What kind of ship can be made with 26 pieces? Honestly not much of one. It’s an open air cockpit with a steering wheel to control it and a thruster in the rear. How exactly does the Pulsar Charger steer using just a wheel? I’m no pilot but I’ve always been under the impression that flying craft requires some kind of a yoke that moves forward and backward to control altitude. Since Lego encourages the builder to use imagination I came to the assumption that this is more of a hover craft used on the surface of a planet to cruise along searching for a good place to mine magnets. A scout craft if you will. That explains the open air cockpit and the lack of a yoke. It’s as good of an explanation as any although the Lego universe certainly isn’t grounded in reality. Most of the smaller space ships have open cockpits of some kind.
I received this as a special surprise from my mom at the tender age of 6. She picked it up while shopping and decided that it was time for me to start playing with Lego sets because she felt they were a good “educational” toy. At the time I was completely unfamiliar with them and the concept of having to build the ship was intimidating to me. I wanted no part of it and felt it was a trick to try and teach me something. With her aid we assembled the ship and I’m sure it only stayed complete for a few weeks at best. I know for a fact I lost the walkie talkie fairly quickly. The rest of the set stayed in my collection for years however and despite losing the instructions early on I have rebuilt it countless times over the years from memory. With only 26 pieces there aren’t many places to go wrong here.

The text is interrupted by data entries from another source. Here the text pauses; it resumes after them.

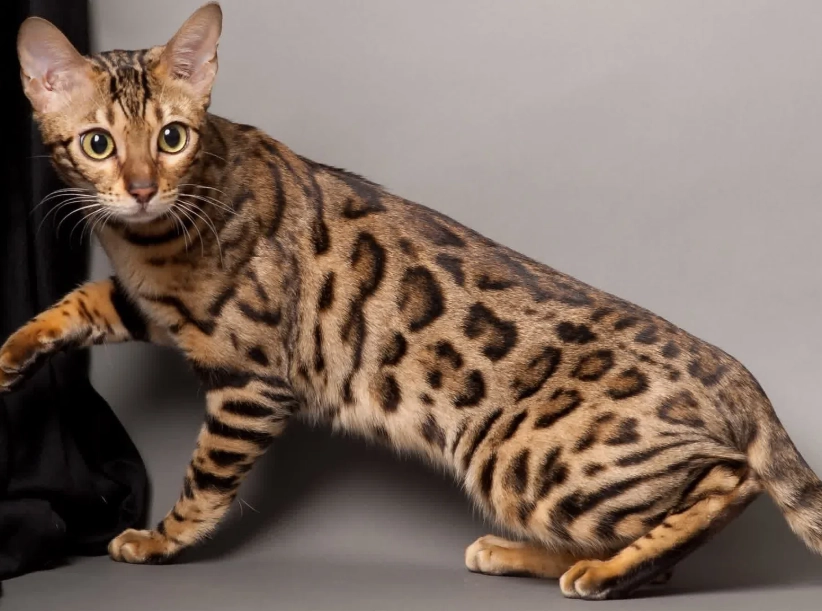Bengal cat cost Bengal cat cost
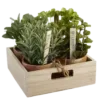 🪴 Эмодзи «green #color #green» для Telegram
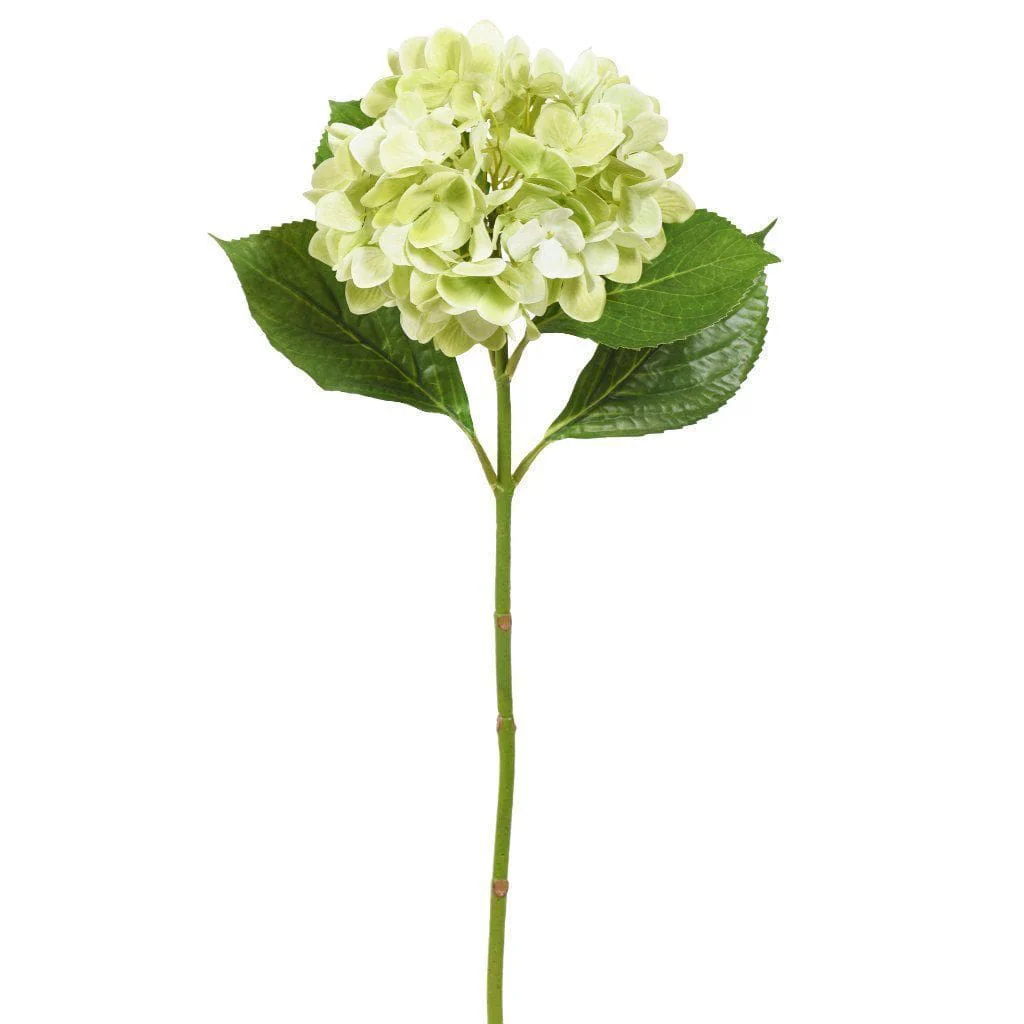 صورة المنتج 5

Maybe this set means something to you, maybe not. However I am sure that most kids my age have fond memories of a similar set to this. One of the small impulse buy models that only cost a couple of bucks but was received on a whim and provided years of entertainment and adventures. The Pulsar Charger was my first but certainly not the last mini set I received over the years and each one has a story all it’s own.